On preview: soup's a great idea. You can even use it to soften up otherwise too-crunchy crackers and croutons. Try the soup in the deli section of your grocery store, it will likely be tastier than canned varieties.
posted by Meg_Murry at 5:55 PM on September 16, 2009


I still ate carrots and apples- I just cut them up with my pocket knife first.
posted by small_ruminant at 6:02 PM on September 16, 2009


Yeah, just cut crunchy things up--it's mostly the 'biting into' part that's the problem, not the actual 'chewing with molars' part.

(for what it's worth, I don't even think I obeyed the rules very much, only when my teeth were sore from having the braces tightened. Never had any problems. Of course, I was also only 15, so there ya go.)
posted by Green Eyed Monster at 6:18 PM on September 16, 2009


small_ruminant: because of the way my bite is being fixed, my molars do not touch, so I really can't eat anything that requires chewing beyond what I can do with my canines (and my tongue pushing against my palate), so no carrots or apples at all for me :(
posted by cosmic osmo at 6:21 PM on September 16, 2009


How about peanut butter crackers or peanut butter and jelly crackers? Like Ritz or similar. Since crackers like that crumble so easily, you don't need your molars and could even chew them with your incisors, pushing the stuff into them with your tongue. Then, you know, kind of smoosh it around a bit and swallow. Just trying to think of anything that's not straight goop.
posted by Askr at 6:40 PM on September 16, 2009


Vegetable juice can be bery satisfying, and easy to carry.
Hard boiled eggs.
posted by Sara Anne at 6:40 PM on September 16, 2009


Smoothies/milkshakes - you can get a cheap immersion blender if you don't want to buy a real blender. An immersion blender won't work for ice, but it works well for yogurt/milk/ice cream/soy milk/juice plus fresh or frozen fruit/ peanut butter/ chocolate sauce etc. It's probably easiest to make & drink at home, but you can also get leakproof bottles to take with you if you're going to have it within a few hours (that will probably work better for fruit based smoothies - just add a couple chunks of ice to keep it cool - than milkshakes).

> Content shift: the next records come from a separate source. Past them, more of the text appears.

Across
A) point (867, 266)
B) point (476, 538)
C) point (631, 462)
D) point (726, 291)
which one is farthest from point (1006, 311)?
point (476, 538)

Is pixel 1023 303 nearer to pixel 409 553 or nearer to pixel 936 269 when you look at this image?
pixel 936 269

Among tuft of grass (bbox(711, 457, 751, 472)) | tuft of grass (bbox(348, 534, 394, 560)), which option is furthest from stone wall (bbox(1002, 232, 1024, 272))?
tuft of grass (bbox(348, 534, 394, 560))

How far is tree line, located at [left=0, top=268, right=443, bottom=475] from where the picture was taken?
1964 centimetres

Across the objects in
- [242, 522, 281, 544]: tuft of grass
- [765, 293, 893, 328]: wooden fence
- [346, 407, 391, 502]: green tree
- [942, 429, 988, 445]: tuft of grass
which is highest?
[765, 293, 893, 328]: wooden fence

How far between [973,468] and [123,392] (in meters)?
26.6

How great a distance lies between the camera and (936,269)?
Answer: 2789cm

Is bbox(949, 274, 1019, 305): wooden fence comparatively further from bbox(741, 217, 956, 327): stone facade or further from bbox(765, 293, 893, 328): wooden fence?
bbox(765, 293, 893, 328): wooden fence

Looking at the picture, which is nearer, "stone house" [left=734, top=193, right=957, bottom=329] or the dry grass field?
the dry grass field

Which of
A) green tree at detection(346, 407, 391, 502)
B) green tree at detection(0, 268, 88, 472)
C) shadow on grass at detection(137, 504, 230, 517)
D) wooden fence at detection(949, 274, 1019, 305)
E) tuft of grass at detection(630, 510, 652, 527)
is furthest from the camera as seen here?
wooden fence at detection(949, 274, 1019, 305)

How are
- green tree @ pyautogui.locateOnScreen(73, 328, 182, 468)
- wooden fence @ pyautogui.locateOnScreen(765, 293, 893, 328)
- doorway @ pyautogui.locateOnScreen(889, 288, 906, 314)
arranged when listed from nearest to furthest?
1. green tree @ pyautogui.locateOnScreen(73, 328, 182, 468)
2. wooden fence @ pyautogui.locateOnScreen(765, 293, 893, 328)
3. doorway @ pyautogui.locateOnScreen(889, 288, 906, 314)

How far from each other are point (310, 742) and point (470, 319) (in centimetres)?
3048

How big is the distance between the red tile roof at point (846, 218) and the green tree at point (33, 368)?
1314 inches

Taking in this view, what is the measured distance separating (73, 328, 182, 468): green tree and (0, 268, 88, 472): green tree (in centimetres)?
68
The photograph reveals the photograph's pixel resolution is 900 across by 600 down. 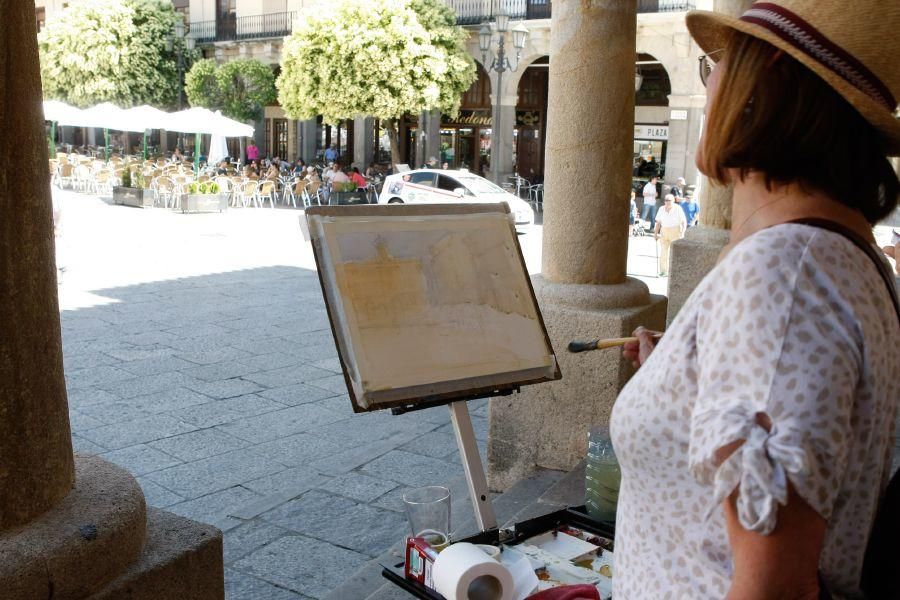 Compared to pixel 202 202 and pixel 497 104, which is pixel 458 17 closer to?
pixel 497 104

You can buy single-serving packets of peanut butter and almond butter some places - I've seen both at Whole Foods, and PB at the regular supermarket. They would be good to keep in your backpack all the time, since they don't go bad and are small. Eat it with a spoon if you don't have anything else around, get some bread or crackers if you can manage them (I'm not sure from your description how well you can chew).
posted by insectosaurus at 7:19 PM on September 16, 2009


Fresh tomatoes and soft mozzarella cheese. No cooking, no melting, no heating. Just cut 'em up raw and eat 'em both at the same time. Tastes surprisingly awesome.

If you buy soft bread and cut the crusts off, you can make all kinds of sandwiches: peanut butter and jelly; grilled cheese; cream cheese and cucumber; tuna salad; egg salad; etc. You could even do ham and cheese or roast beef if you cut the meat and cheese up into small enough pieces.

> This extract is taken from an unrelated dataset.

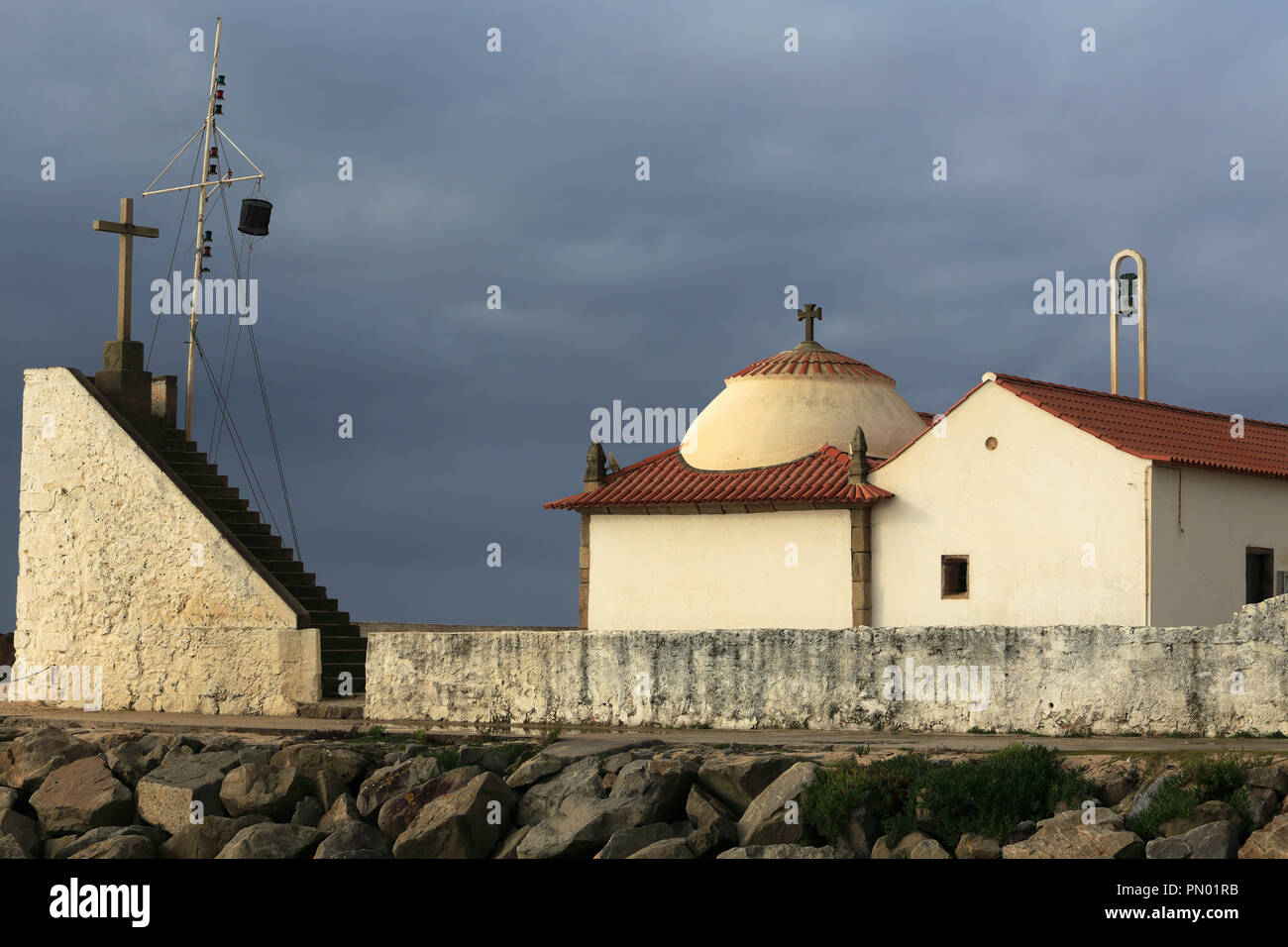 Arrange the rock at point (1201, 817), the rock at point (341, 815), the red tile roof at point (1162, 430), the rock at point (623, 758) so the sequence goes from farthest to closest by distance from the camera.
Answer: the red tile roof at point (1162, 430), the rock at point (341, 815), the rock at point (623, 758), the rock at point (1201, 817)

Thoroughly cooked potatoes shouldn't pose a problem, nor should pasta; both of these things may be made into salads for lunch/snacks.

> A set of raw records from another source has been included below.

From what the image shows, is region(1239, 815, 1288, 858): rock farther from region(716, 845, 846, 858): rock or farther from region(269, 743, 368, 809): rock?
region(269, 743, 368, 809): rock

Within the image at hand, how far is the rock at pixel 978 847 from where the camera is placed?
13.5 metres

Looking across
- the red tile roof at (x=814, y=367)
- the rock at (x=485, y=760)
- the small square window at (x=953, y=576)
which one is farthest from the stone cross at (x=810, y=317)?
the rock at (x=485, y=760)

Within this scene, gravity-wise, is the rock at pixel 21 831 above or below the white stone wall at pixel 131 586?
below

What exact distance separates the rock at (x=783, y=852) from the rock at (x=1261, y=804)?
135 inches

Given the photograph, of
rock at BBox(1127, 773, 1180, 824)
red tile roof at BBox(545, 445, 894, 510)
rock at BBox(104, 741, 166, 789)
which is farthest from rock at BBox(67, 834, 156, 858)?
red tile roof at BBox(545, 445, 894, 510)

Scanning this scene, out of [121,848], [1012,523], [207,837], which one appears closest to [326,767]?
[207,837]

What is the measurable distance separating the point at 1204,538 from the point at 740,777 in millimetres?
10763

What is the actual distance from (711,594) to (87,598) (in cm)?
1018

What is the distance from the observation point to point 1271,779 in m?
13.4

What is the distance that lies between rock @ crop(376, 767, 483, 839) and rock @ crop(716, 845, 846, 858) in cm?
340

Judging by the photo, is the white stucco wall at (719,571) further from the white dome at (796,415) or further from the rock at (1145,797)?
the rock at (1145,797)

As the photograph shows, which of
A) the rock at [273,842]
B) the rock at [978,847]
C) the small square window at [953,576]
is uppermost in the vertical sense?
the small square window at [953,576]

Also, if you can figure out a way to do it without breaking college fire codes, I recommend getting a crock pot. It's a low-effort way to make foods soft and easy to chew, including meat and vegetables; it doesn't matter if you end up eating dinner a couple hours late (it won't burn your food if you're doing it right); and it's something you will continue to use long after your braces are gone.
posted by Commander Rachek at 7:37 PM on September 16, 2009 [1 favorite]


Here's some more ideas,
http://www.archwired.com/soft_foods_category.htm
http://www.archwired.com/soft_foods_mealtype.htm

Archwired has a ton of great resources and forums for adults with orthodontia. And it gets better I promise!